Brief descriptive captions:

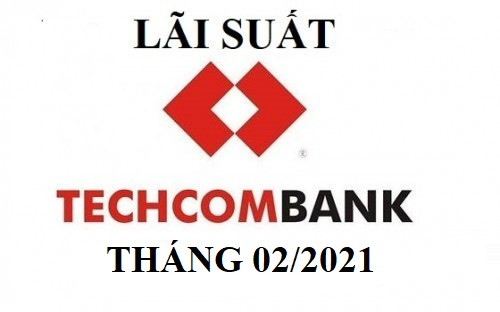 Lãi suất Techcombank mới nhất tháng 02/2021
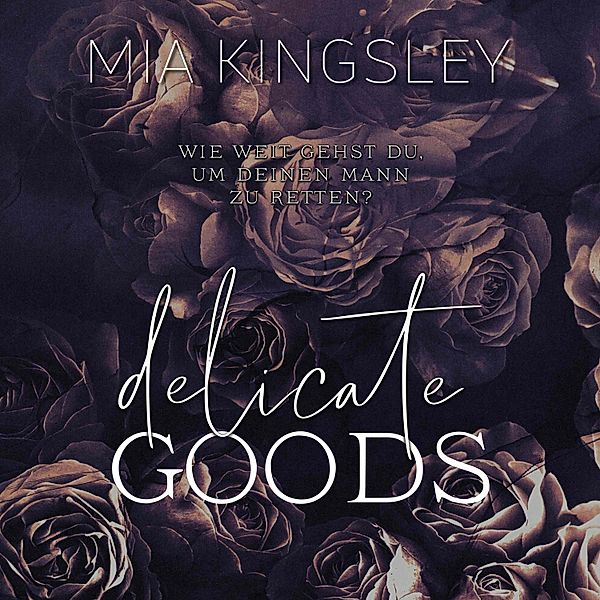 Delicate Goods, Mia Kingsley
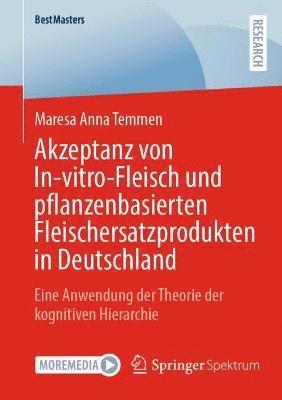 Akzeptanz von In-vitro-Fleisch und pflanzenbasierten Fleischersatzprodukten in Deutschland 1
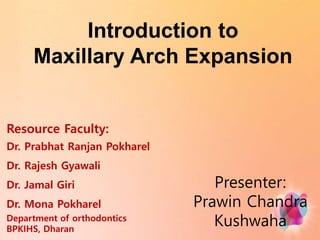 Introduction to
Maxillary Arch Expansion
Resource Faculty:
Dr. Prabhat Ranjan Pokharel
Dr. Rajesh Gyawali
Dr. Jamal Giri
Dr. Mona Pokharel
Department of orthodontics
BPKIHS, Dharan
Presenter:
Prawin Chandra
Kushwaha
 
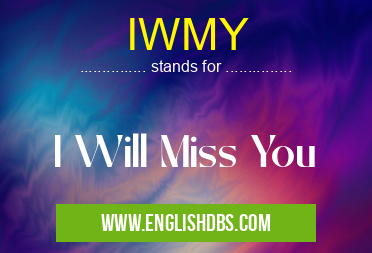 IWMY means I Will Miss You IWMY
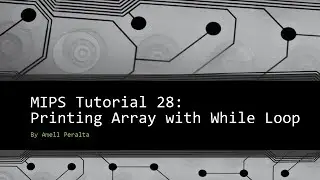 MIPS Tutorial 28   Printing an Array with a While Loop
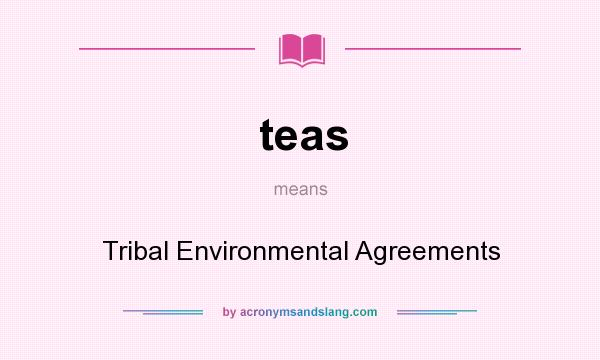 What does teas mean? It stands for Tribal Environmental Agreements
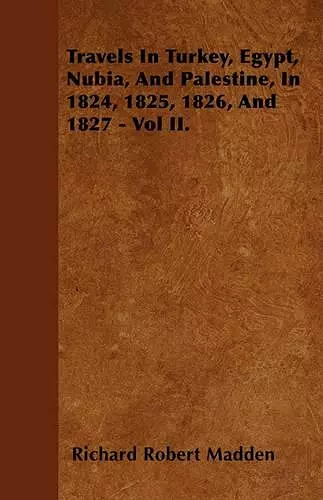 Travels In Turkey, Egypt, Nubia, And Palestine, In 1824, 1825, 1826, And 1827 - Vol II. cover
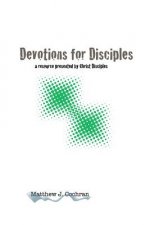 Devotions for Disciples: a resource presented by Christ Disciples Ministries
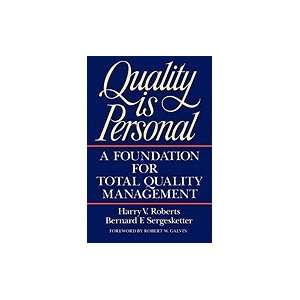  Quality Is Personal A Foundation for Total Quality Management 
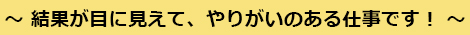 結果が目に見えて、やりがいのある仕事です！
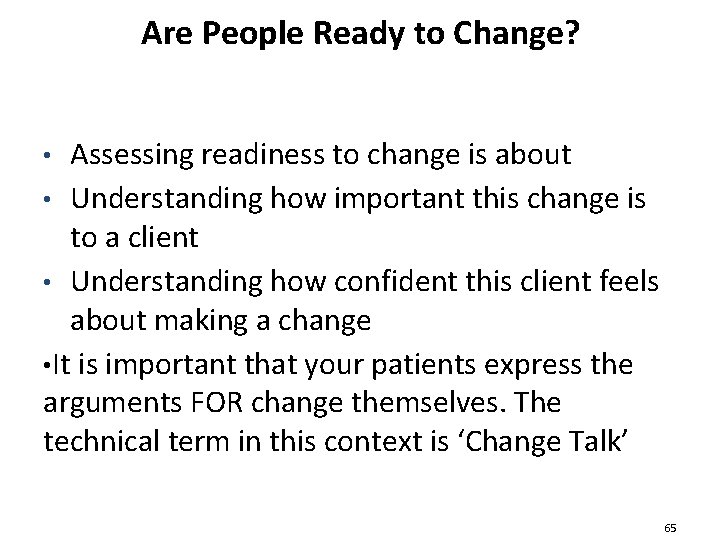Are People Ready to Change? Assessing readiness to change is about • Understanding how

> **What to produce**: Beginning at the line that contains "Prawin Chandra", retype each line of the data above through the very last one. Do not retype the pictures.

> **Output of the exercise**:
Prawin Chandra
Kushwaha
 
 IWMY means I Will Miss You IWMY
 MIPS Tutorial 28   Printing an Array with a While Loop
 What does teas mean? It stands for Tribal Environmental Agreements
 Travels In Turkey, Egypt, Nubia, And Palestine, In 1824, 1825, 1826, And 1827 - Vol II. cover
 Devotions for Disciples: a resource presented by Christ Disciples Ministries
  Quality Is Personal A Foundation for Total Quality Management 
 結果が目に見えて、やりがいのある仕事です！
Are People Ready to Change? Assessing readiness to change is about • Understanding how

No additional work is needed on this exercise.